Have to say that I personally didn't find the article particularly biased, or indeed positive. For me, it depressingly confirmed that despite being a complete science idiot, I can nevertheless make some sense of medical articles on pub med. I'd gathered that the biggest risk that would affect me was that of placental problems in a later pregnancy and this was emphasised in the Observer article. I had my (unplanned and almost certainly a very good idea) section at 22 and ds's sheer fantasticness () has persuaded that I'd probably like a few more children over the course of the next 20 years but, although I'm always cheered by janh and zippy's lovely examples of multiple sections, I really really don't want a hysterectomy in my 20s
Anyway enough moaning.
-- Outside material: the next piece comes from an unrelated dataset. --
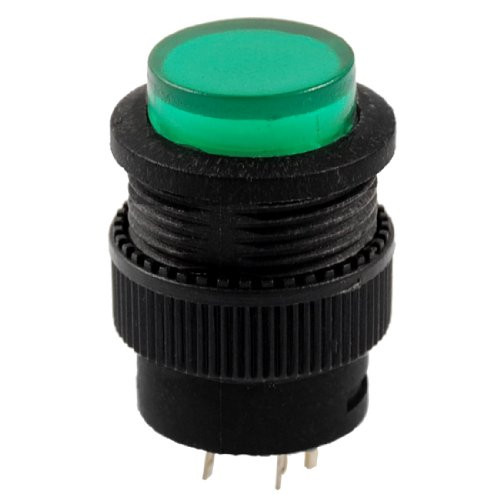 IIVVERR DC 3V Green LED Light OFF-ON- NO Round Momentary Push Button Switch 3A 250V AC -DC 3V Luz LED verde apagada -ENCENDIDA- NO Interruptor momentáneo redondo de botón pulsador 3A 250V CA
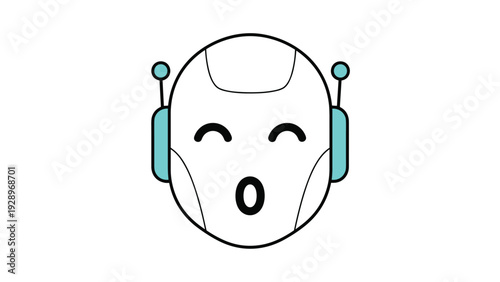 Friendly robot head icon with a smiling face and cyan colored headphones on a plain white background for technology concepts.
Btw, completely agree with your earlier post about avoiding unneccessary sections that women don't want kiwisbird - you've hit the nail on the head for me.
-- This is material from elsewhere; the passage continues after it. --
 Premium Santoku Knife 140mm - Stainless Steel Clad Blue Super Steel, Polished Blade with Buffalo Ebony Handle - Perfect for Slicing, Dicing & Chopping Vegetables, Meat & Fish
kiwisbird · 04/05/2004 12:36

I can dismiss him as ludicrous if I so choose, thats the joy of free speech
I can appreciate that medical controlling of birth can increase the unpredictability of birth adn many other things too, I mean should all women have mastectomies to avoid getting breast cancer? That would be safer too, so it is all in context, I guess if vaginal birth was really that dangerous then it would be only sensible to look at birth as risky thing.
It might well be safer never to have kids at all!
I am biased and I know, because I have had 2 superb, easy and fulfilling birth experiences, as did my mother and all of my immediate relations.
I just wonder about the sense of promoting a view that cutting a woman open to deliver a baby under anaesthesia and miedication, can be "safer" than a physiological process in the majority of cases, I appreciate again, that in indentifiable cases it is safer to perform a section. And I think it is ok for women to choose a section if they so desire, but to be properly informed of the risks * there are several*
Neither way is guaranteed to be perfect or free of risk, but it can be managed on an individual basis. Rather than by a generalising opinion, however medically fluent and esteemed that opinion is.

Croak · 04/05/2004 12:36

God know what I'm on about in that last sentence, meant that I agreed with your point Kiwisbird

Croak · 04/05/2004 12:46

I think that we all accept that the risks of maternal death, while small in both vaginal births and sections, are increased with a section. However, although I don't have access to absolutely every piece of research (and, anecdotally and irrelevantly, just like you knew a lady who died after her section, I know someone whose baby died in early labour and I worked for a lady who had severe cerebral palsy after her breech birth went wrong) why is it impossible that a section 'could' be safer for the baby in terms of death and serious disability than a vaginal birth (bearing in mind that unfortunately they're not all as pleasant as yours). Is it just that its unnatural? After all lots of natural things are dangerous.

Cam · 04/05/2004 12:57

Doesn't it all only mean that c-section is safer than v-birth for those for whom it is medically necessary? Which is obvious. I think, Aloha, that women "historically" used to die from childbirth because of infections (now easily treated by antibiotics)rather than the actual birth process.